Roasted partridge with white truffle broth

Roasted partridge with white truffle broth

I once entered into a humorous discussion with an American about English slang. And by that I mean slang used by British people for he really didn’t consider it correct to call such slang ‘English’. He was American after all, and from cowboy country – Texas to be exact, with a cowboy hat to show for it. Newly arrived in London, everything was quite astoundingly strange to him. For those of you who have ever had the experience of being an expatriate, the feelings of perplexity around the unfamiliarity of a new country might resound. But perhaps the most perplexing thing for him was the ‘language’. “Bob’s your uncle?? Now what is that suppose to mean?” he would say.

Hmm, I take his point. I too am an expatriate in London, but I do know what ‘Bob’s your uncle’ means. Jamie Oliver has used it often enough on his cooking shows, but I don’t know why it means what it does. But then, I’m hardly one to ask. Not having grown up in Britain, I’ve not been exposed to certain ‘English’ slang. Take for instance the idiom ‘pig’s ear’. Goodness knows I had no idea what an ear of a pig meant until it was revealed to me at an eating expedition to the gastropub, The Pig’s Ear, as rhyming slang for beer.

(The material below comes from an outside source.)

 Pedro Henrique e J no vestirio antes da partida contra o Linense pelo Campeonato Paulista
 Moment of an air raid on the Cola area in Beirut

The Pig’s Ear had come to my attention on account of a similarly piggy friend of mine murmuring into my little piggy ear something about having recently dined there and thoroughly enjoying it. Browsing through Peter Prescott and Sir Terence Conran’s book, Eat London, I also happened to stumble across the write-up for The Pig’s Ear. They rate it as one of the best gastropubs in London. This meant only good things, which was why my friends, S and T, and I went in search of a little piggy adventure.